Respondents who are otherwise eligible for DAPA, but who received an order of removal in the last 30 days, should file a timely appeal with the BIA. As explained above, doing so will render the removal order non-final, thereby preserving eligibility for DAPA unless and until the BIA dismisses the appeal. As always, attorneys should ensure their appeals comply with the requirements in the BIA Practice Manual.
In completing the Notice of Appeal form, which asks for a statement listing the reasons for appeal, attorneys should list any non-frivolous ground for appeal of which they are aware, as well as “any further issues discovered upon review of the transcript.” Attorneys should also be aware that filing a brief in support of an appeal will significantly extend the period of time it takes to resolve the appeal.
Two options appear to exist for respondents who were ordered removed by an immigration judge on after January 1, 2014, but who did not file a timely appeal. One option is to file an untimely appeal with the BIA. This option is unlikely to work. As a general rule, the BIA strictly enforces the 30-day appeal deadline. While the BIA will occasionally “certify” a case to itself to cure any issues regarding timeliness, it seems unlikely that it would do so for respondents merely seeking to preserve their DAPA eligibility.
The second option is to file a motion to reopen with the immigration judge who issued the order, asking the case to be administratively closed to allow the respondent to apply for DAPA. While filing a motion to reopen does not render the immigration judge’s prior decision non-final, ICE may agree to join the motion (or at least to not oppose it), or the immigration judge may grant it as a matter of discretion. If the case is reopened, the earlier order would no longer have effect, allowing the respondent to apply for DAPA.
Respondents who were ordered removed by immigration judges before January 1, 2014, and who have pending appeals at the BIA, now face a difficult dilemma: whether to withdraw the appeal to ensure their eligibility for DAPA. Under federal regulations (8 C.F.R. 1003.4), the withdrawal of an appeal to the BIA renders the immigration judge’s decision final as though no appeal had ever been taken—and once withdrawal of the appeal is granted, the date the order became final reverts back to the date of the immigration judge’s original decision.
This dilemma is particularly difficult for respondents who believe the BIA is likely to rule in their favor.
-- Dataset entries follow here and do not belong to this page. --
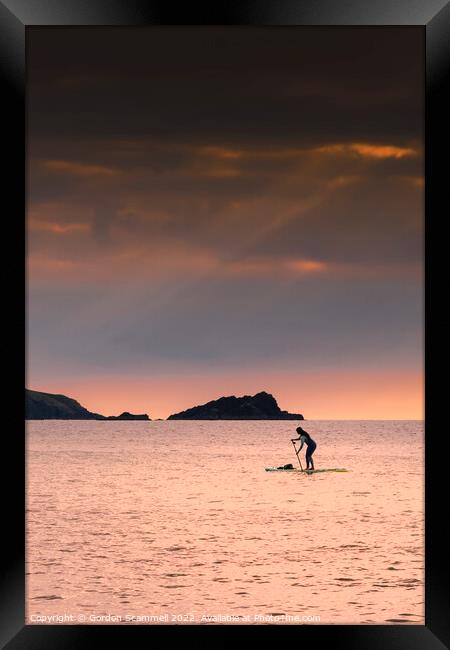 Evening light over a Stand Up Paddleboarder at Fis Framed Print by Gordon Scammell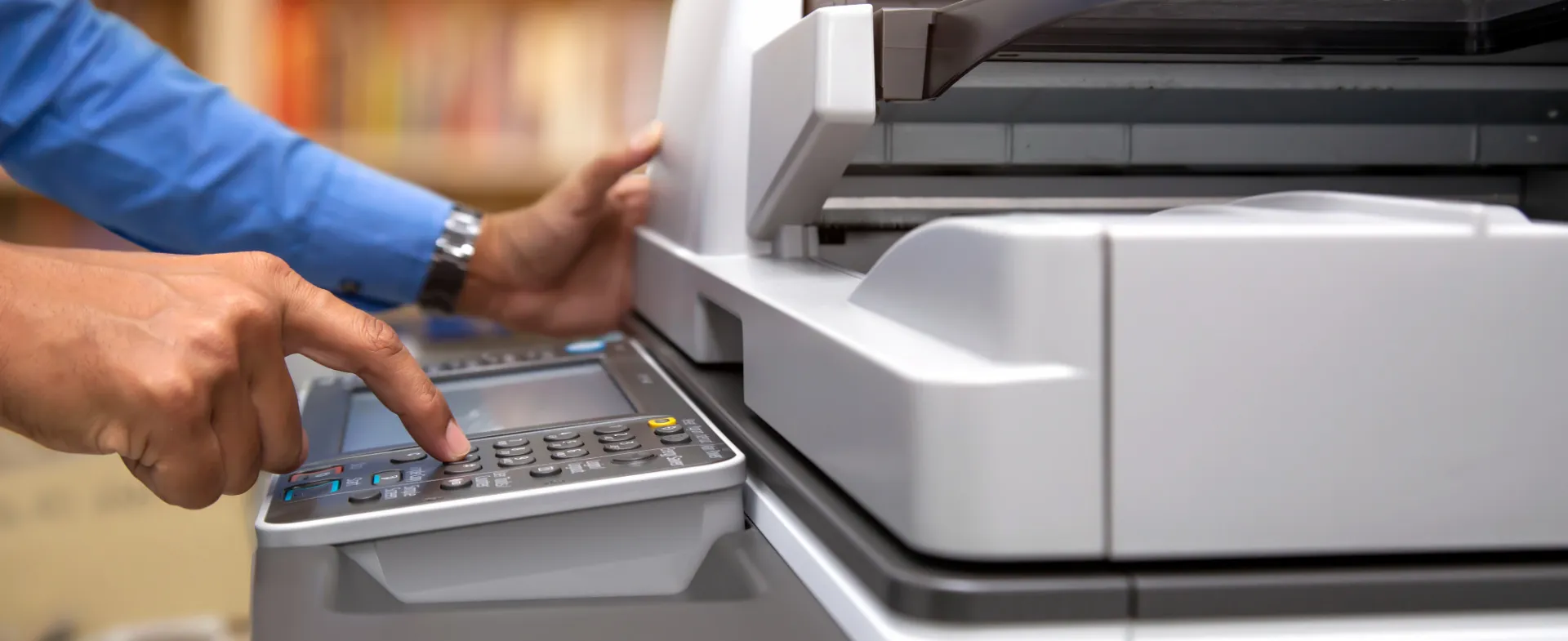 Someone using a printer copier machine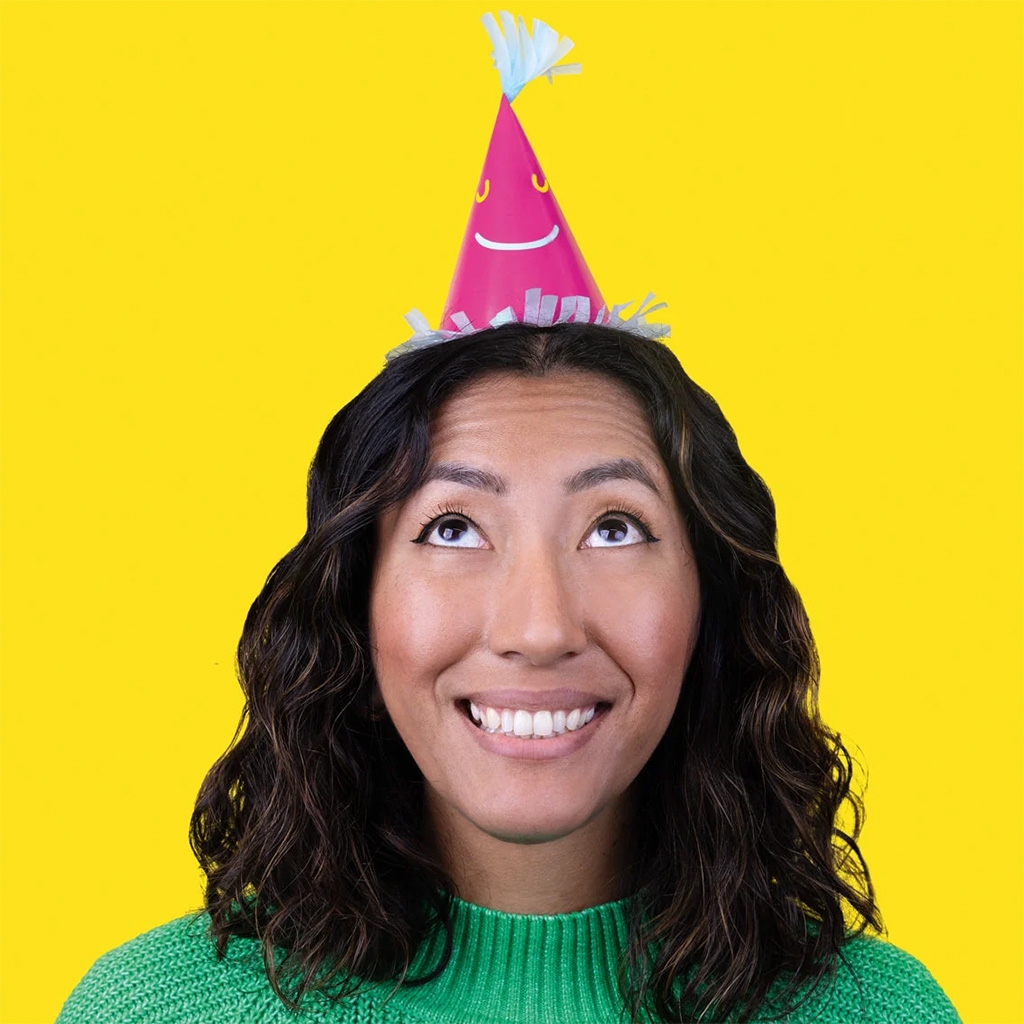 party hat, pink hat, lächelnde person, grüner pullover, gelber Hintergrund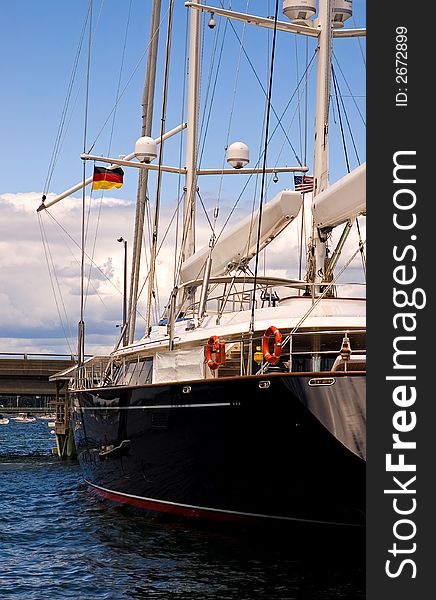 A view of a large, modern, oceangoing sailboat, docked in Newport, Rhode Island. A view of a large, modern, oceangoing sailboat, docked in Newport, Rhode Island.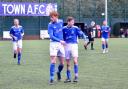 Liam Diggle and Pacey Garret celebrate a Town goal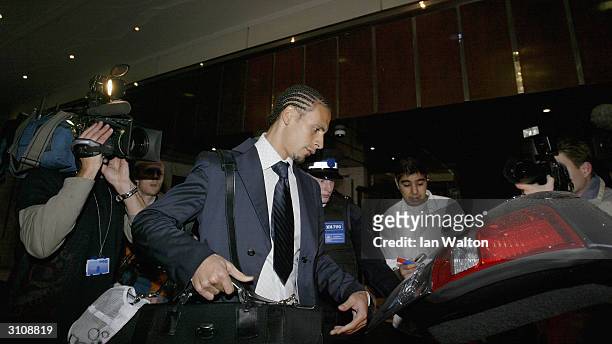 Manchester United footballer Rio Ferdinand leaves a press conference after his appeal to lift his eight month ban for missing a drugs test failed on...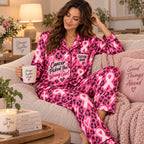 lifestyle flat lay of pink ribbon satin pajamas with name pocket detail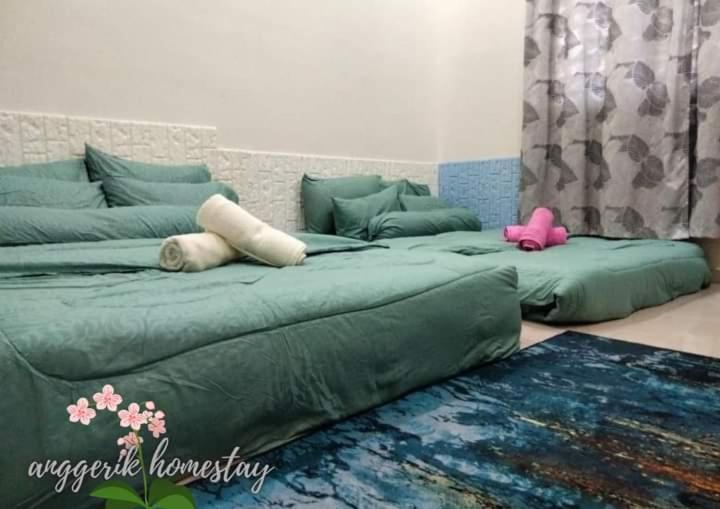 Anggerik Homestay Dungun Kampong Sura Tengah ภายนอก รูปภาพ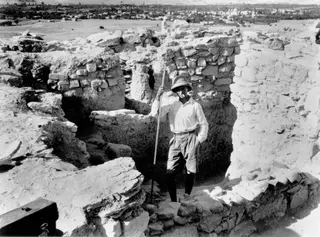Erik Sjöqvist standing with a long pole among excavated walls at Idalion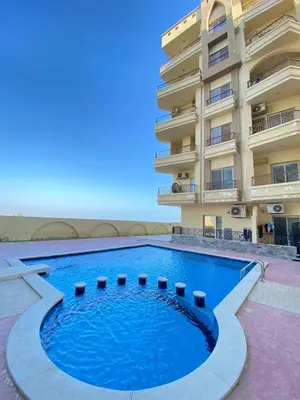 a large swimming pool in front of a building at الغردفه كازبلانكا ريزورت in Hurghada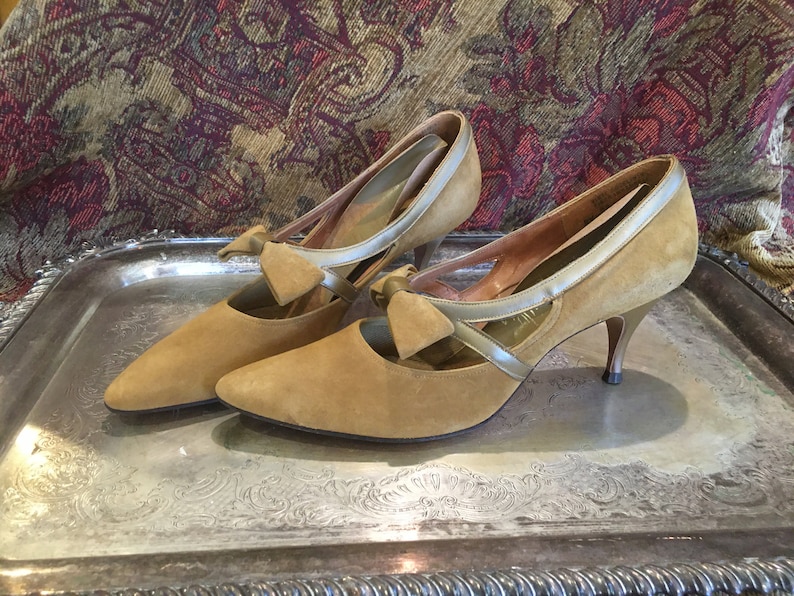 May include: A pair of tan suede high heels with a silver trim and a bow detail. The shoes have a pointed toe and a stiletto heel.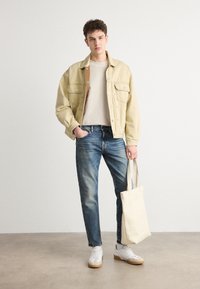Jachetă din denim bej, tricou crem, blugi albaștri, purtând o geantă de umăr neutră. Adidași albi cu talpă bej. Îmbrăcăminte simplă și lejeră.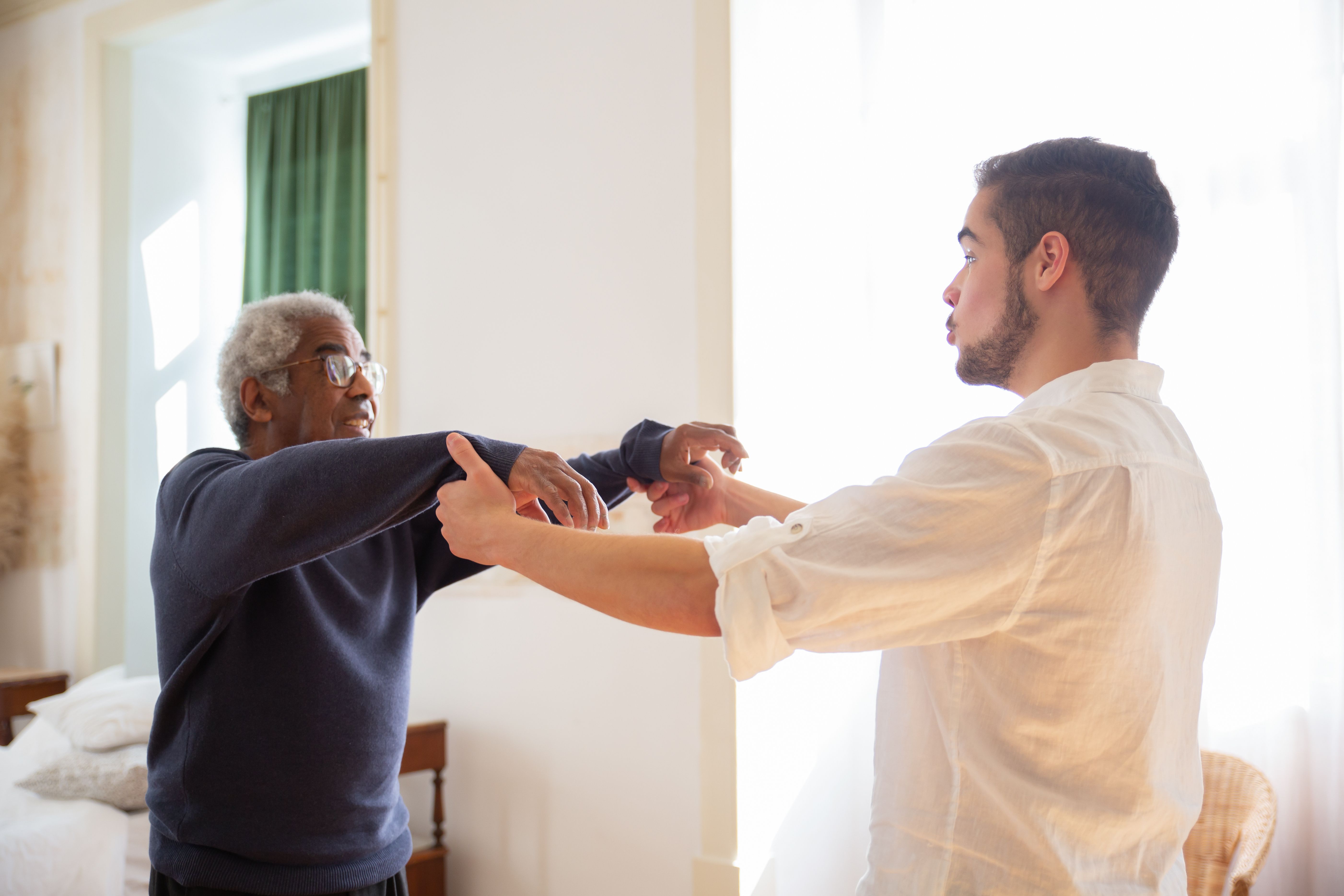 A caregiver offers an older adult companionship and support at home, showing how connection can be part of a paid service.
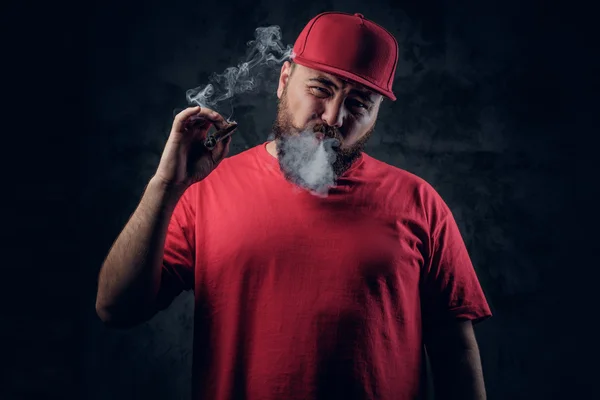 Толстый бородатый хипстер курит сигарету — стоковое фото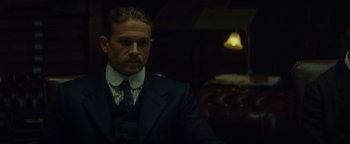 Movie still from “The Lost City of Z” (2016), directed by James Gray – A person wearing a suit and tie; Close Up shot, Over the shoulder angle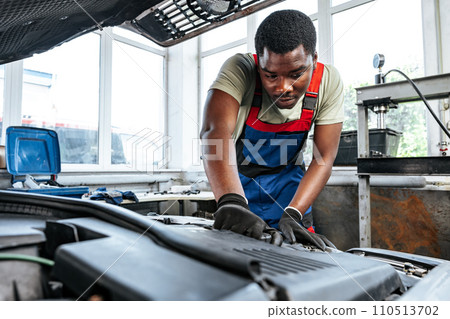 Young African man working under the hood of car fixing engine in auto service Young African man working under the hood of car fixing engine in auto service 110513702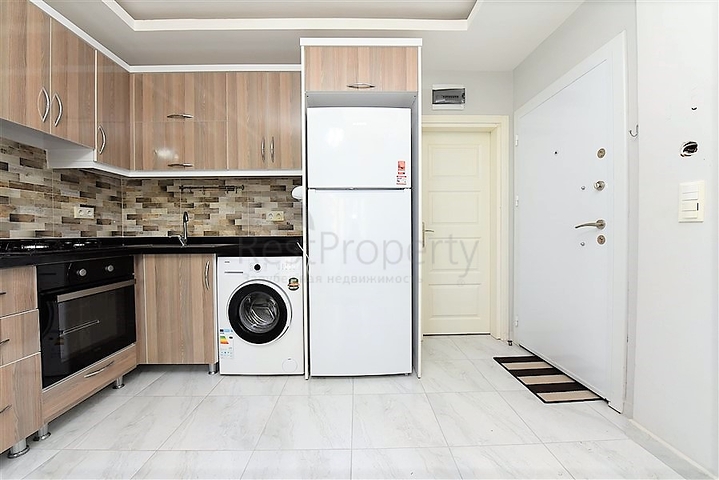 Двухкомнатная  квартира в русскоязычном районе Махмутлар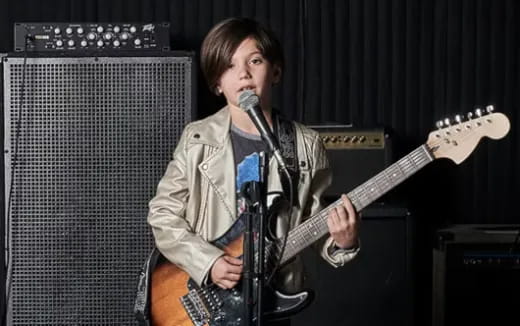 a person playing a guitar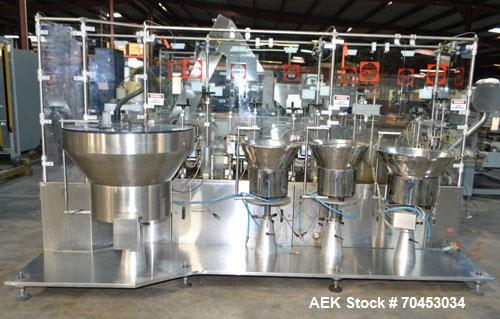 Used Capmatic Straight Line Automatic “Puck Style” Fragrance Line, Model Patriot L, S/N PA03101111, new 2004.  3/60/480V/20A.  6 Head Straight Line Vacuum Filler, Model Vacufill, S/N RV03101110, with...
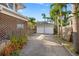 Driveway leading to a two-car detached garage surrounded by lush landscaping at 864 15Th Ne Ave, St Petersburg, FL 33704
By withdrawing an appeal, respondents could forego their opportunity to obtain a more permanent form of relief, such as asylum or cancellation of removal. Instead of withdrawing the appeal, such respondents could ask the Board to hold the case in abeyance until their DAPA applications are submitted and adjudicated. See Chapter 5.9(i) of the BIA Practice Manual. If the DAPA application is granted, such respondents could then ask for administrative closure or for the BIA to resolve the appeal.
Potential DAPA applicants whose BIA appeals were dismissed on or after January 1, 2014, should seek to have the Board reopen their cases by whatever means possible. If a petition for review was filed with a federal circuit court, reach out to the attorney for the Office of Immigration Litigation (OIL) to ask for a remand, which would render the order of removal non-final. If no petition for review was filed, file a motion to reopen with the BIA asking the Board to administratively close proceedings to permit consideration of the respondent’s future DAPA application. Again, while filing a motion to reopen does not affect the finality of the removal order, ICE may elect to join or at least not oppose the motion, or the BIA could grant it as a matter of discretion, rendering the respondent eligible for DAPA.